Data for this exercise Block Start

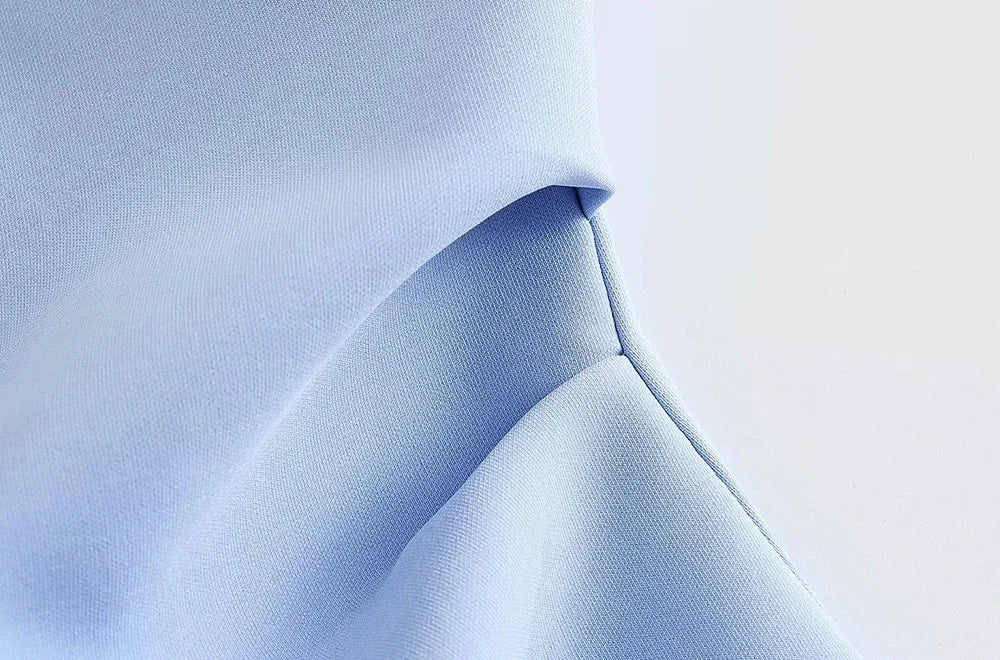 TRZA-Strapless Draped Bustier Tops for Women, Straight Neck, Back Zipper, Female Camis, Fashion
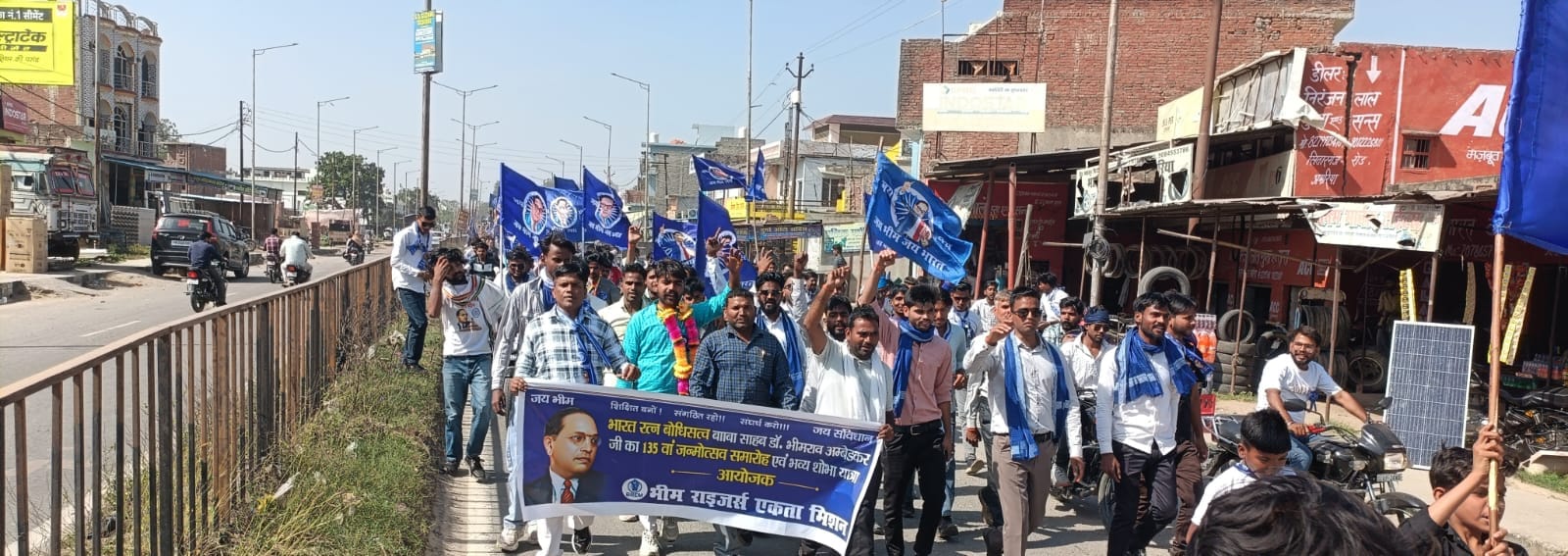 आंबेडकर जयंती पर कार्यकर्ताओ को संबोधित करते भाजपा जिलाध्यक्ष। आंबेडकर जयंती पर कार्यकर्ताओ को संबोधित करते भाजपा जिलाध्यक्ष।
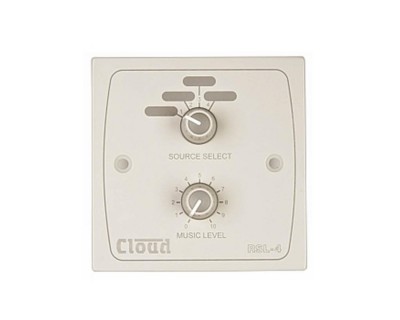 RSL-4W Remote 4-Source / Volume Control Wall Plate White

Data for this exercise Block End
Data for this exercise Block Start

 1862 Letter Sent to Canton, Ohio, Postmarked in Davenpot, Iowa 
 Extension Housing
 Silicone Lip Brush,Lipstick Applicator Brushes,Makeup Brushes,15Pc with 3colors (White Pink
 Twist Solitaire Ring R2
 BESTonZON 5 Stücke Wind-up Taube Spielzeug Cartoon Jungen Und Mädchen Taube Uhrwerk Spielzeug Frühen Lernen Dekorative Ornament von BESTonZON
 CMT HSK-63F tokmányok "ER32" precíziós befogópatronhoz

Data for this exercise Block End

## Instructions to follow:
Take only the lines above from the one that has "TRZA-Strapless Draped Bustier" through the one that has "RSL-4W Remote 4-Source" and reproduce them exactly, omitting any pictures.

## Finished exercise:
 TRZA-Strapless Draped Bustier Tops for Women, Straight Neck, Back Zipper, Female Camis, Fashion
 आंबेडकर जयंती पर कार्यकर्ताओ को संबोधित करते भाजपा जिलाध्यक्ष। आंबेडकर जयंती पर कार्यकर्ताओ को संबोधित करते भाजपा जिलाध्यक्ष।
 RSL-4W Remote 4-Source / Volume Control Wall Plate White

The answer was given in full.